データの取捨選択や体系的構成の工夫にコストをかけて「額の汗」を流したとしても、「著作物」として認められるかは別問題ということになります。
上記裁判例は、以下のロジックにより地図の著作物性を判断するとしておりますが、この考え方は従来の裁判例を踏襲しております。
そして、上記裁判例は、前記住宅地図について、容易に検索できる工夫、イラストによる施設のわかりやすい表示、名称・居住者名・住居表示等の記載、ポリゴンの枠の記載等の事情を踏まえ、情報の取捨選択及び表示方法に創作性が認められるとして、著作物性を肯定しました。
これに対して、住宅地図の著作物性を否定した裁判例もあります。
そのため、引き続き個別判断が必要にはなりますが、以下のような事情があれば、より著作物性が認められやすくなるといえます。
①地図上の情報が独自の基準により選択されている
②当該情報の表現方法に工夫がされている(オリジナル性の高いイラストやアイコンの表示、配置、フォント等)
⑶ 切り口② ~地図の構成要素(個々のデータ)
データそれ自体は、単体で見ればただの情報であり(「創作的」な「表現」に至らないため)、著作物ではないといわれることが多いです。
なお、データベースも「編集著作物」(法12条)や「データベースの著作物」(法12条の2)とされる場合がありますが、本稿では割愛します。
⑷ まとめ
地図は、その種類に応じて著作権が発生するか個別判断を要し、また、地図のどの部分に着目するかでも帰結は異なりますが、目的物検索用の地図や住宅地図等について著作物性が認められる余地は十分にあります。
3.著作権侵害と救済手段等
⑴ 著作権侵害になる場合(基本)
まず、著作権は「権利の束」といわれ、以下のとおり利用態様毎に「●●権」といった個々の権利が定められております。
例えば、著作権者の許諾がないまま著作物の「複製」(コピー)をした場合「複製権」の侵害(=著作権侵害)となります。
対象となる地図上の表現を他人がどれだけ真似るかによりますが、デッドコピーに近いほど「複製権」又は「翻案権」の侵害、これをオンラインで配信すれば「公衆送信権」の侵害となる可能性が高いです。

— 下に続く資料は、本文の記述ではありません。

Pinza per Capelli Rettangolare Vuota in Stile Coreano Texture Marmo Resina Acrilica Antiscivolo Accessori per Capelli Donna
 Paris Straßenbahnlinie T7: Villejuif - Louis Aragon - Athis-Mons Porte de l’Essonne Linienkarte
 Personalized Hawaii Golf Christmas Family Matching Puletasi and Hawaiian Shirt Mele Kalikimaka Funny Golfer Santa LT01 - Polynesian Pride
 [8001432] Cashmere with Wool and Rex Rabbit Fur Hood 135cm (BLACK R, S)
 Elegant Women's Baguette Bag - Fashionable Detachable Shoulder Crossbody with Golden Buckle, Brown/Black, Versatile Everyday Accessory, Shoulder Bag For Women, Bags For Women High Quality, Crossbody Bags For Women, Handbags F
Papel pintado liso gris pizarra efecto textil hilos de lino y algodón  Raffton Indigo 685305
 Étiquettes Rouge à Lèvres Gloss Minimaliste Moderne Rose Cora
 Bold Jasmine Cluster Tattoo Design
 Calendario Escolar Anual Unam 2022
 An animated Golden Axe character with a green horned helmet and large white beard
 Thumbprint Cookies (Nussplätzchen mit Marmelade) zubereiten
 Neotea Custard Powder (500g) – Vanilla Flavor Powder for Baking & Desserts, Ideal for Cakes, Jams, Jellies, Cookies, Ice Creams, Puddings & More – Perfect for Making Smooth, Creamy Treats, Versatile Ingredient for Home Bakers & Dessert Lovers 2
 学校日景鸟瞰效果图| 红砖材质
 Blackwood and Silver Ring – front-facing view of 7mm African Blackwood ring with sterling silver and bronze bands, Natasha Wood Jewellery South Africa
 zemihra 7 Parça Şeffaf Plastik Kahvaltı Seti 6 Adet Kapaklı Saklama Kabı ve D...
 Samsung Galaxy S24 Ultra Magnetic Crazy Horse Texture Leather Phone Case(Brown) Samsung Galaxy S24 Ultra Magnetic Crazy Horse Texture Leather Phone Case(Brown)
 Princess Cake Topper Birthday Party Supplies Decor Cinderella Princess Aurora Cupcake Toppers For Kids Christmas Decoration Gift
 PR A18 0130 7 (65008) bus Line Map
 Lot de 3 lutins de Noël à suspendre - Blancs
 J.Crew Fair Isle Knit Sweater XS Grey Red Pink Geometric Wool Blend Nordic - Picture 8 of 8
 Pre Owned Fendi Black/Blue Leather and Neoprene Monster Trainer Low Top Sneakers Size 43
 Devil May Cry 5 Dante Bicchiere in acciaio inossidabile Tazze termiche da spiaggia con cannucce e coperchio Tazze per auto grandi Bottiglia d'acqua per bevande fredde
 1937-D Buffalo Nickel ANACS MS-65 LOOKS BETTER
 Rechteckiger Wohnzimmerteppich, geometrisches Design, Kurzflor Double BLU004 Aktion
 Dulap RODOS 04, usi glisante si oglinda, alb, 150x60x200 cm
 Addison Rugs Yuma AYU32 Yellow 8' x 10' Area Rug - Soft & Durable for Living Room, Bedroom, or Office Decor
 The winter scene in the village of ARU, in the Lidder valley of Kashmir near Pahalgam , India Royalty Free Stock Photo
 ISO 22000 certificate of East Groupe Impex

なお、仮に著作物でなくても、民法に定める不法行為(同709条)に該当する可能性もあります。
⑵ 著作権侵害になる場合(応用)
少し細かいですが、裁判例は、ある地図と類似する地図を他人が作成したケースにおいて、両地図を比較して、これらの共通点及び相違点における創作的表現の有無を検討し「複製」又は「翻案」といえるかを判断しております。
以下の基準を参考にしていただきたいのですが、具体的な認定としては、「地理情報を表現する際の創作性に強く影響を及ぼす要素」につき「有意な相違点が多数認められ・・・控訴人地図の表現上の本質的特徴を直接感得できるとは」いえないとして、(複製又は翻案はなく)著作権侵害は認められないと判示しました。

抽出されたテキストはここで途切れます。